A tragic event occurred in Kerry last week which was widely reported. Firstly, I wish to extend my deepest sympathies to the family of the child involved. The loss of a loved one is hard for family and friends at any time, but the sudden and unexpected death of a young child is particularly difficult.

In relation to this incident, the facts are that, at 1.16 am on 18 June 2013, an emergency call was received for a baby who was reported as not breathing. The National Ambulance Service (NAS) was initially unable to obtain sufficient details of where help was needed, which led to a delay in reaching the incident. The first emergency resource arrived at the scene 30 minutes after the initial 999 call. The patient was subsequently pronounced dead.

The incident has been the subject of a systems analysis, as is routine in cases where a death occurs, to ascertain whether call-taking protocols were followed. Following an examination of the facts, the HSE is satisfied that systems and processes operated correctly and there are no plans to carry out any further review. However, interrogation has been strengthened to try and mitigate the impact of a call where the incident location cannot be identified. In addition, HSE Communications has been requested to run a publicity campaign to improve public awareness of the need to communicate precisely the locations of incidents. In the interest of respecting the dignity and grief of the family, I wish to make no further comment on the specific incident.

A significant reform programme has been underway to totally reconfigure the way the HSE manages and delivers pre-hospital care services, to ensure a clinically driven, nationally co-ordinated system, supported by improved technology. The National Control Centre Reconfiguration Project, which is endorsed by HIQA and which represents international best practice, will reduce the number of ambulance control centres to a single national control system, with significant investment in new voice, data and mapping technologies. The project is also a key element of Future Health: A Strategic Framework for Health Reform in Ireland 2012-2015.

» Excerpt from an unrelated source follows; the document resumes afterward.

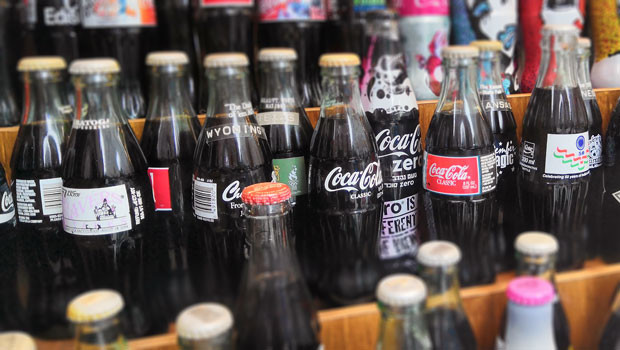 dl coca cola coke company cocacola drinks drink soft bottles label logo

Both HIQA and the NAS have had concerns over control and dispatch structures at some control centres leading up to the development of the national control system. Accordingly, the NAS moved the Cork and Tralee centres to its Townsend Street centre on an interim basis in May, to mitigate such concerns pending completion of the national centre. Detailed preparations took place to ensure the safety of services during the move of the Cork and Kerry operations. The NAS provided additional staff, training, technology and equipment to assist this process. 112/999 calls from those areas are now answered in Dublin using improved technology. The NAS is satisfied that Townsend St, while not appropriate to the needs of the overall reconfiguration project, is nevertheless suitable and infrastructurally sound for the interim accommodation of these centres.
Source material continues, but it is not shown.